Kate Reynolds describes a multi-arts project for young people with autism spectrum disorder that has gone off the beaten track and now includes others without the condition.

Image of young people in Songlines project

Since 2008, the Royal Exchange Theatre and Manchester Camerata have worked with children and young people with autism spectrum disorder (ASD) through their Songlines project. Now, as the project enters its fifth year, both organisations are working in yet more pioneering ways to break down barriers between groups of young people and dispel the social label that autism can bring.

ASD is a lifelong developmental disability affecting the lives of around 2.7 million people in the UK. It affects how a person communicates with and relates to other people and the world around them. Prior to the Songlines partnership becoming a reality, the performing arts were seen as a place where social skills could be developed among all age groups, genders and backgrounds. But it also had to be recognised that most existing activities were not necessarily devised to suit the needs of those living with ASD. There were few projects that provided the safe environment where participants could be supported to develop self-confidence and self-esteem, as well as the opportunity to gain skills in music, drama and performance.

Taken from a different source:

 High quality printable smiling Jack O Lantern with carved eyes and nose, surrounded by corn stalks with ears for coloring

Working in unchartered territory, the project leadership guided the two groups into working alongside each other for the first time

The understanding, enthusiasm, expertise and artistic background of the project leadership, as well as the freedom of the performance spaces both organisations offer, means that the project has had a transformative impact on the lives of participants and their families. Parents of those taking part have reported on the development of close relationships between their children and their peers. In the glow of its initial success, the project could have continued on a familiar path, but project leaders identified a brave new direction for Songlines and have taken themselves and their participants off the beaten track.

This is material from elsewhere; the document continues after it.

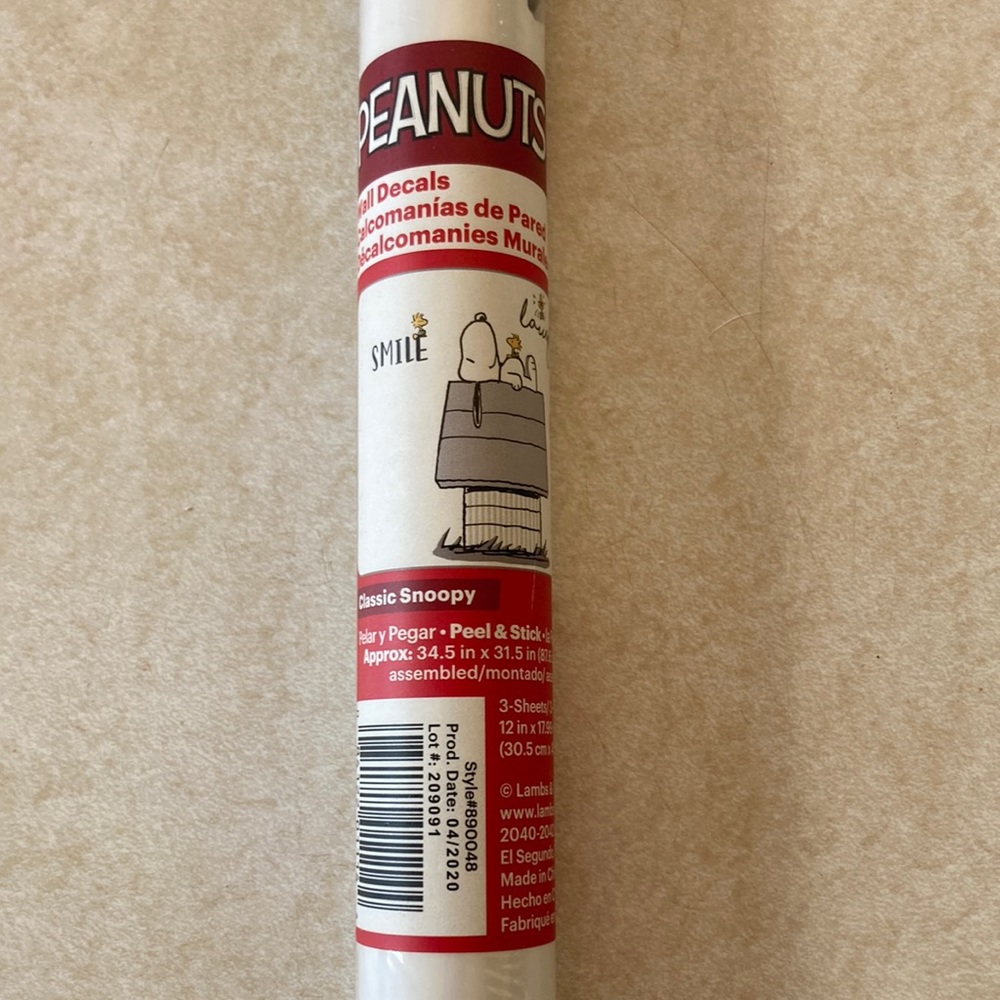 Peanuts wall decals. New in package.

It is apparent that isolating children with ASD in specific projects has areas of success, but in consultation with families, individuals and supporting charities it is clear that more could be done to ensure mutual awareness, understanding and empathy between children and young people. The Songlines team decided that the next step was to merge young people with different learning needs, at once presenting the risk of upsetting the equilibrium of not one but two groups of children and young people, but also presenting the opportunity for a richer experience of mutual learning and development.

From last Autumn, two groups worked separately from each other – one made up of children with ASD and the other young people without ASD. They explored music, theatre and visual arts through weekly workshops, tailored to their needs, led by a team of composers, musicians and theatre practitioners. The groups worked in parallel, taking the same thematic starting points for their work and were aware of each other’s existence and work plan. Remotely, they were encouraged to communicate and create with each other through the sharing of their work and developing content for the next stage. In January the two groups came together.

Working in unchartered territory, the project leadership guided the two groups into working alongside each other for the first time, to develop and build upon the work generated in term one. However, as a result of their careful approach and thorough groundwork, the transition process into term two was smooth, with the two groups very quick to assimilate and establish a collaborative, company feel. The challenge of appropriately supporting all participants is being met and the creative, participant-led approach of the project is seeing the united group develop improved communication and interpersonal skills and, perhaps most importantly, build new friendships. The process is still underway, with the end-result being a piece of shared musical theatre for public performance in The Studio at the Royal Exchange Theatre this month, plus considerable learning and reflection opportunities for the project leaders and participants.

Before 2013 Songlines was funded on a project-by-project basis. However, the importance of this extended programme of work and clearly stated progression routes for participants provided a strong case for longer-term funding support. Following successful bids, both Children in Need  and Youth Music are supporting it as a sustainable development opportunity. There is a robust approach to evaluation, using a research model led by Dr John Habron of Coventry University, which will provide a body of evidence to demonstrate its impact. Both we at the Royal Exchange Theatre and Manchester Camerata look forward to sharing that with fellow practitioners in progressive arts participation and learning programmes.

Kate Reynolds is Participation and Learning Manager at the Royal Exchange Theatre.